# Shark Week: More shark head banging



## FishEyeMaps (Aug 22, 2012)

Has anyone out there found that hitting a shark on the head discourages them when they are after your fish? It does not seem to work for me.


----------



## TailRazor (Apr 25, 2011)

Depends how big they are, the smaller guys usually get the hint.


----------



## devildog83 (Apr 2, 2009)

Depends on what you are hitting them with


----------



## Telum Pisces (Sep 27, 2007)

A good spear tip to the nose seems to do the trick 99% of the time. I have had one that I literally jabbed it in the nose and it continued to swim at me against me pushing against him with my spear tip firmly planted into his nose.
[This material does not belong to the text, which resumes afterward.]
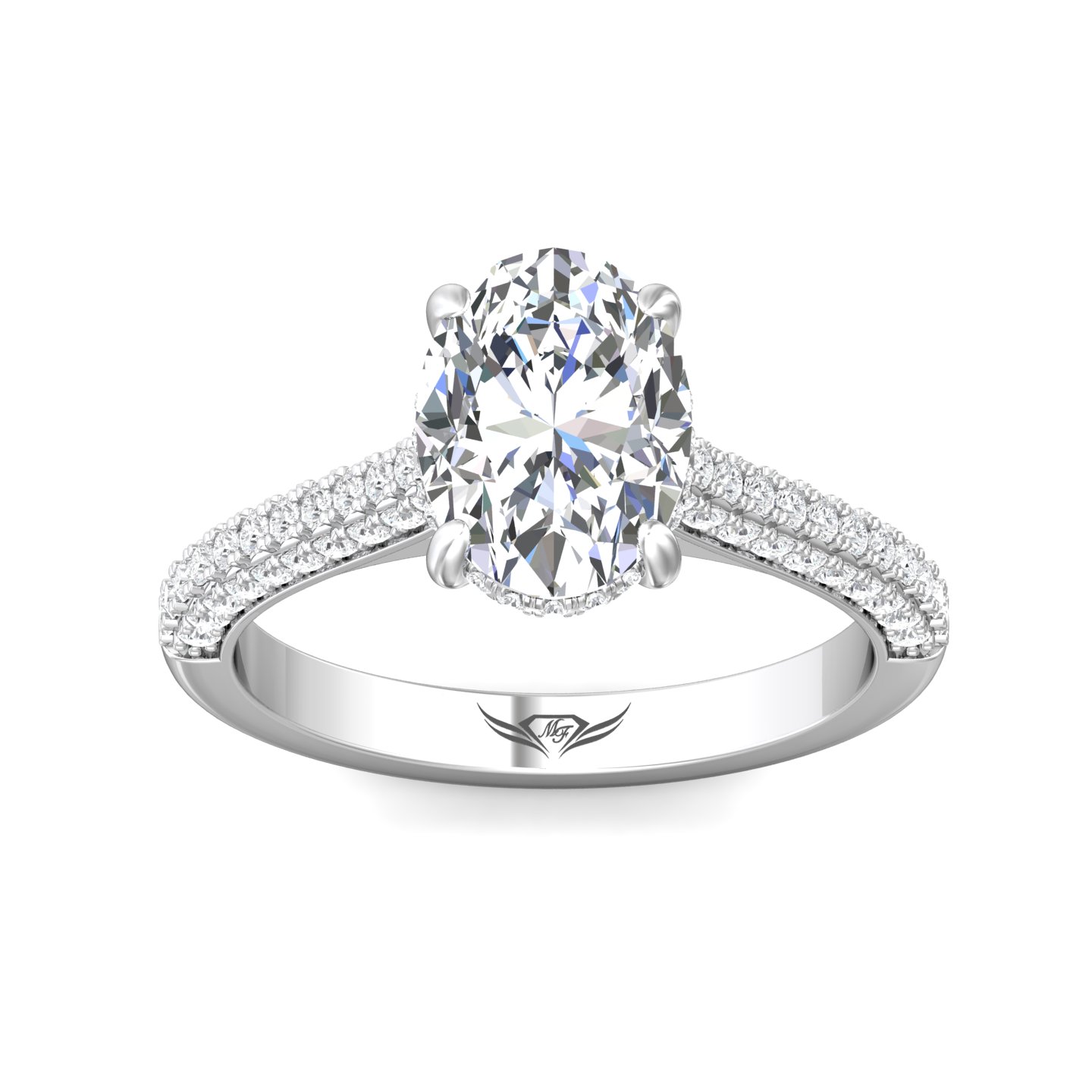 Martin Flyer Engagement Ring DERM101SQ-F-10.9X8.2OV Martin Flyer Engagement Ring DERM101SQ-F-10.9X8.2OV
He was hungry.

But all others usually leave me alone after a quick jab with the spear tip.


----------



## Haulin' Ash (Jan 4, 2011)

http://gifrific.com/wp-content/uplo...of-the-time-it-works-every-time-Anchorman.gif


----------



## coolbluestreak (Jun 27, 2011)

Haulin' Ash said:


> http://gifrific.com/wp-content/uplo...of-the-time-it-works-every-time-Anchorman.gif


Man Jeff, did you have to re-activate your account before you could post?
long time no see/read.


----------



## lowprofile (Jan 6, 2013)

most sharks around here actively eat sting rays, i doubt any shark over 6ft is going to be affected much by being poked in the face. i spear rays outside the first sand bar for bait and have had sharks swim by me, they never tried to take a ray but if they did i would probably just give it to them. 
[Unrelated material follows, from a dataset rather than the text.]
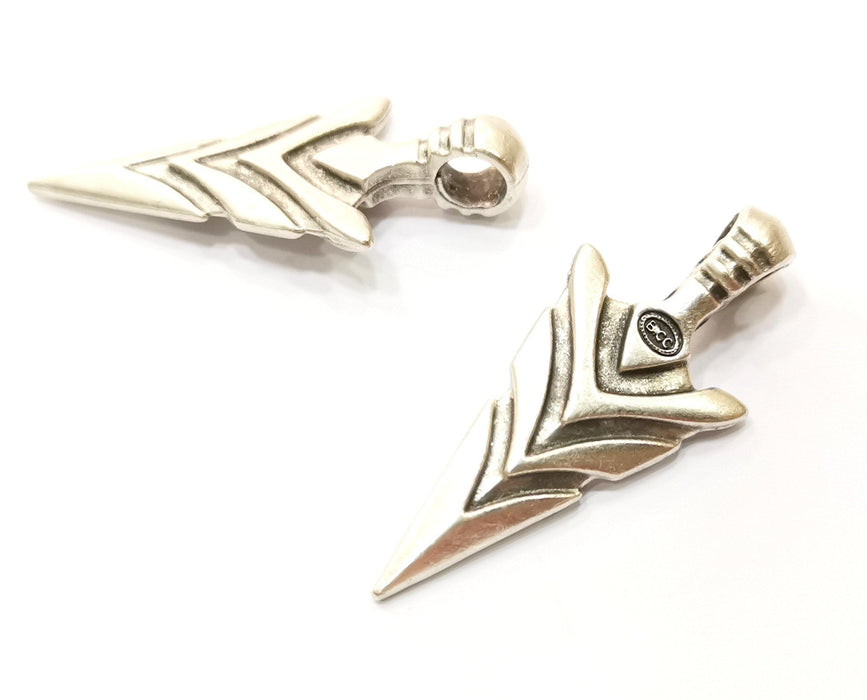 2 Silver Arrowhead Charms Antique Silver Plated Charms (47x20mm) G18302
also, most sharks do not like bubbles. a small co2 tank, like the ones for pellet guns, will scare them for a few minutes. they don't seem to mind regular breathing from a scuba tank though.


----------



## Haulin' Ash (Jan 4, 2011)

Granted, fighting off the tax collector in shallow water while free diving would suck so I can’t comment on what to do outside the first sandbar, you will just have to wing-it at that point, but *PLEASE* don’t give up the fish when you are offshore if you can help it. People have been doing this and it is likely why the sharks come out of nowhere as soon as they hear the bands go off.
Keep your fish in close or send it up with a lift bag. Get in close with your dive buddy and you can likely keep them away from you. Jabs to the nose are very effective. If you think about it; with your bc, tank and fins on, you are about 7 feet long, have a pretty wide girth and your blowing loud bubbles. If there are two of you that’s even more intimidating. 
The law of nature is “fight or flight” and you aren’t going to out run them. :whip:


----------



## WhackUmStackUm (Jan 31, 2010)

I feel your pain Bro. I hit one on the head and nose 20+ times with little effect a couple of weeks ago during an accent + deco. Should have shot the fish up on a lift bag, but I was a bit tangled. Now where did I put that SharkShield? :detective:


----------



## JoeyWelch (Sep 25, 2009)

Don't know about diving but when in a boat you can hit em in the top of the head with a slug and it settles right on down. Saves a lot on tackle too.


----------